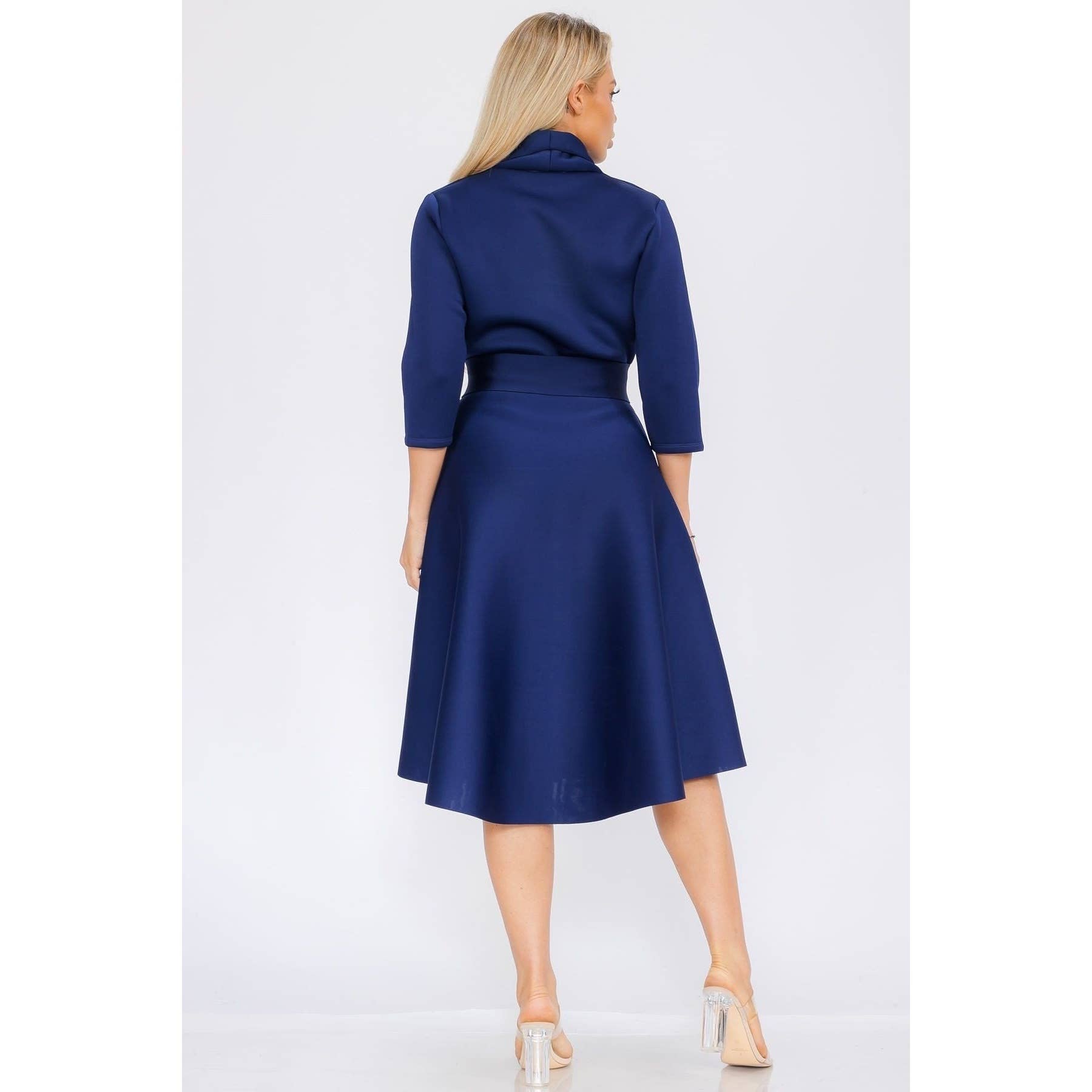 DORCAS - Wholesale Dress - Women's - Women Elegant Front Wrap Dress with Tie Waist and Pockets6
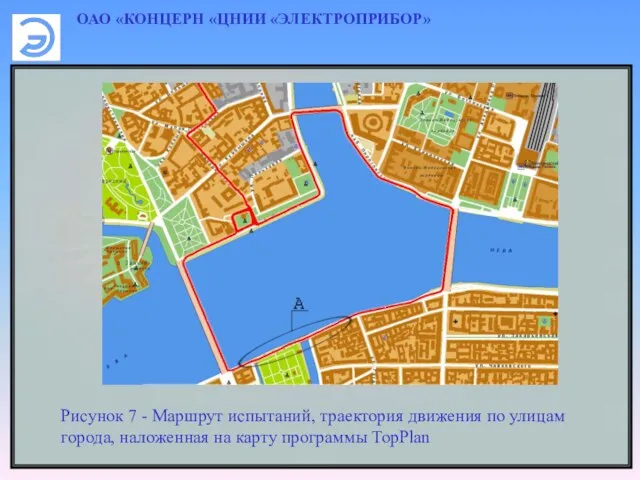 ОАО «КОНЦЕРН «ЦНИИ «ЭЛЕКТРОПРИБОР» Рисунок 7 - Маршрут испытаний, траектория движения по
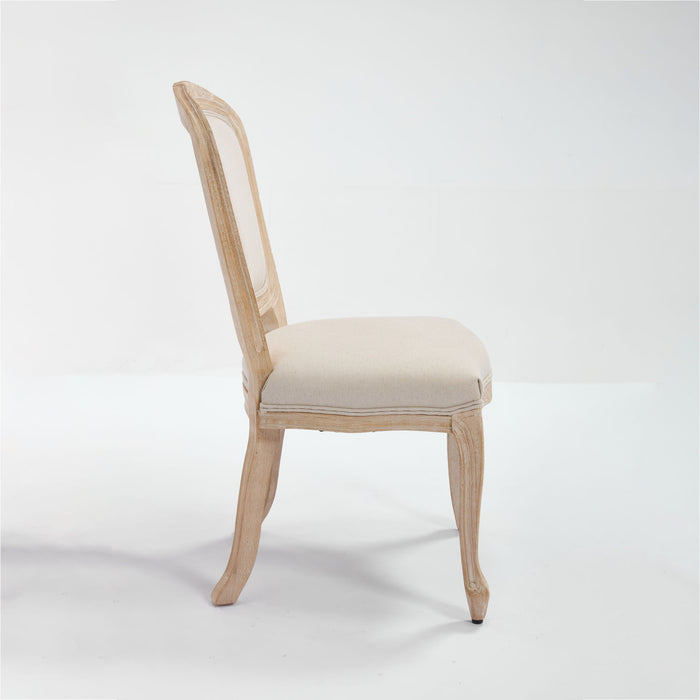 Dining Chairs Upholstered With Fan Shaped Back (Set of 2) - Beige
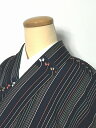 【中古】Sサイズ 正絹 小紋 濃紺地に蝶模様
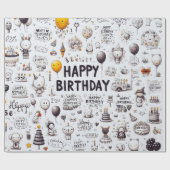 Verpakkingspapier Happy Birthday Cadeaupapier (Vlak)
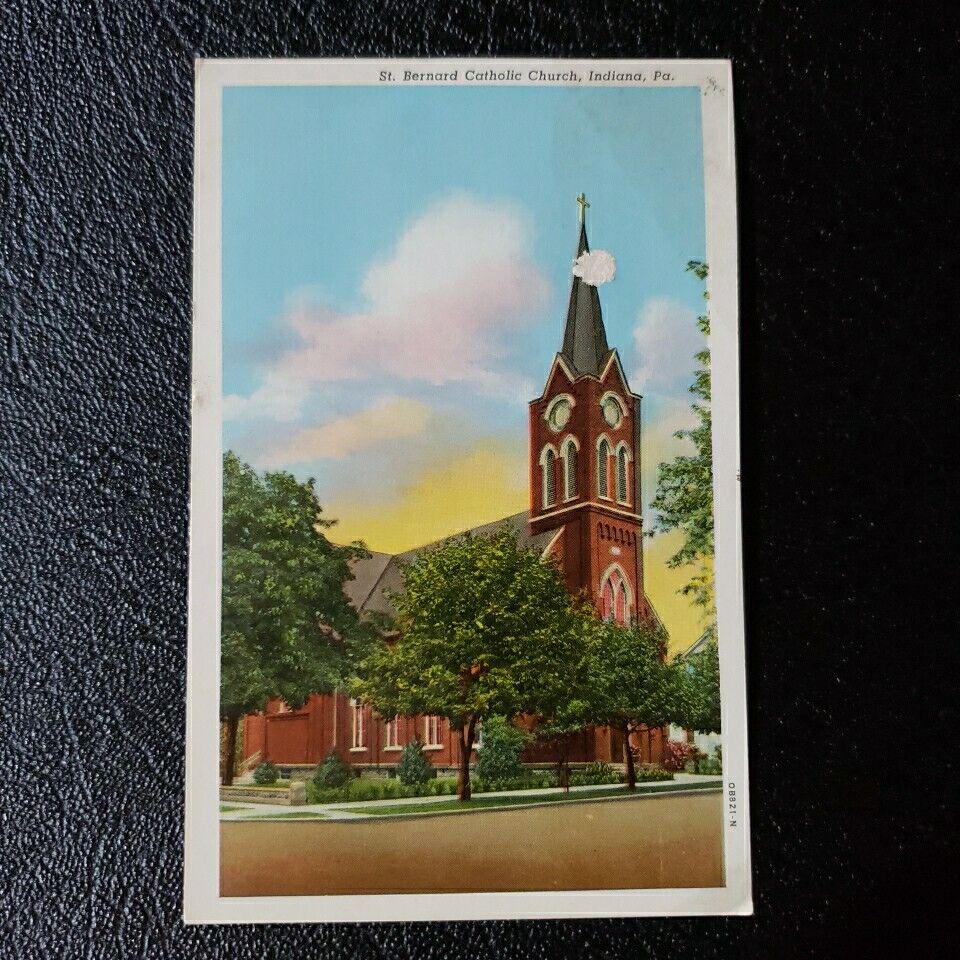 Indiana PA Pennsylvania vintage linen postcard, St Bernard Catholic Church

EXERCISE DIRECTIONS -> An exact copy of the listing above is to be set down, with no pictures in it.

RESPONSE TO THE TASK ->
 DORCAS - Wholesale Dress - Women's - Women Elegant Front Wrap Dress with Tie Waist and Pockets6
 ОАО «КОНЦЕРН «ЦНИИ «ЭЛЕКТРОПРИБОР» Рисунок 7 - Маршрут испытаний, траектория движения по
 Dining Chairs Upholstered With Fan Shaped Back (Set of 2) - Beige
 【中古】Sサイズ 正絹 小紋 濃紺地に蝶模様
 Verpakkingspapier Happy Birthday Cadeaupapier (Vlak)
 Indiana PA Pennsylvania vintage linen postcard, St Bernard Catholic Church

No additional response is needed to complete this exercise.